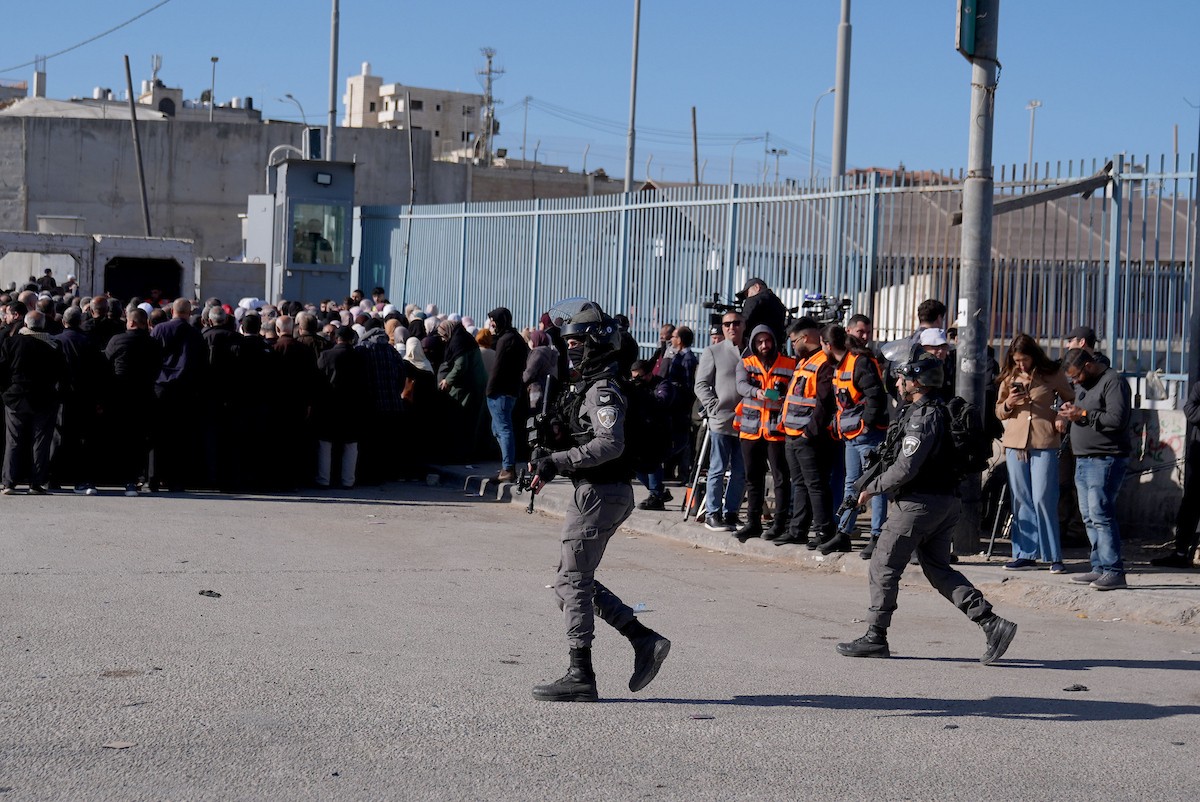 الجيش الإسرائيلي يفرض قيودًا مشددة على وصول الفلسطينيين إلى المسجد الأقصى لأداء أول صلاة جمعة من رمضان عبر حاجز قلنديا الفاصل بين الضفة الغربية والقدس، 20 فبراير/شباط 2026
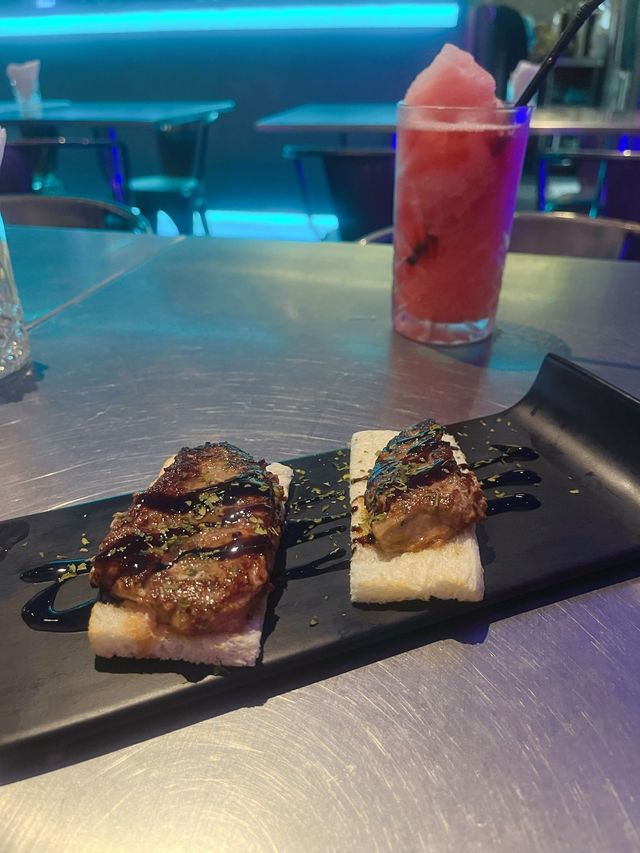 型格調酒吧餐廳🎸chill住享受高質美食🤪
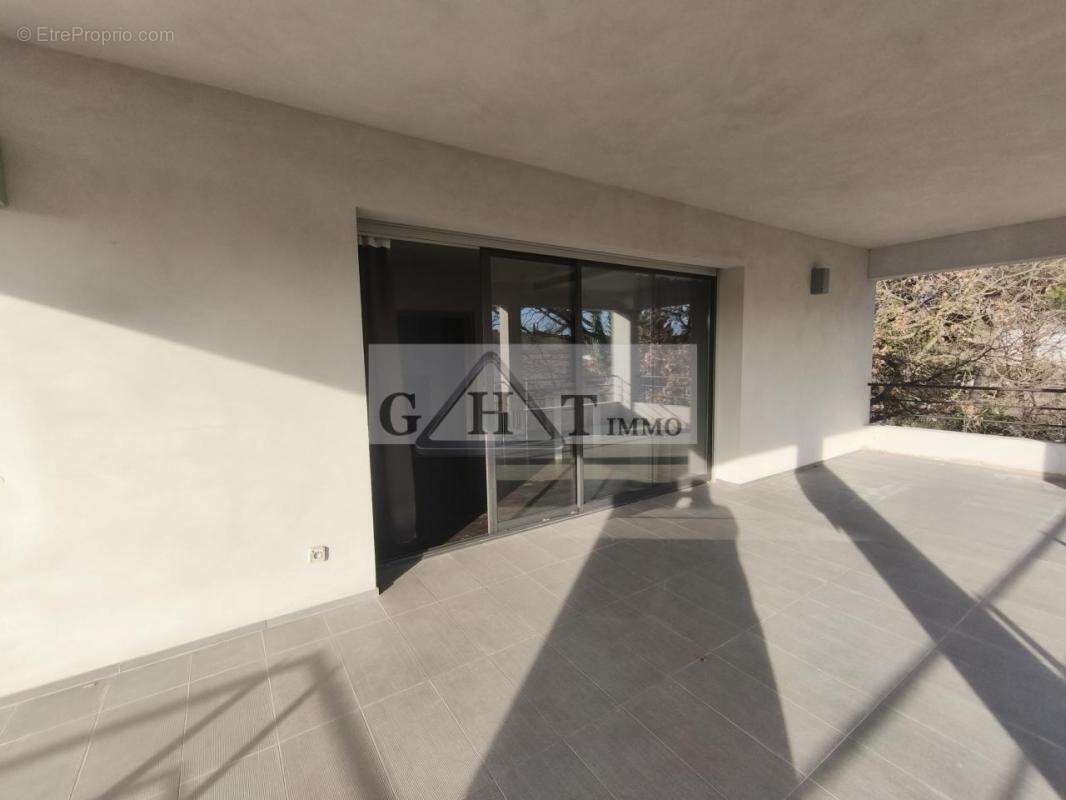 Commerce à TOURRETTES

+-------+

◆ TASK TO COMPLETE:
The whole listing should be transcribed exactly, though its pictures must be left out.

◆ FINISHED TASK:
 الجيش الإسرائيلي يفرض قيودًا مشددة على وصول الفلسطينيين إلى المسجد الأقصى لأداء أول صلاة جمعة من رمضان عبر حاجز قلنديا الفاصل بين الضفة الغربية والقدس، 20 فبراير/شباط 2026
 型格調酒吧餐廳🎸chill住享受高質美食🤪
 Commerce à TOURRETTES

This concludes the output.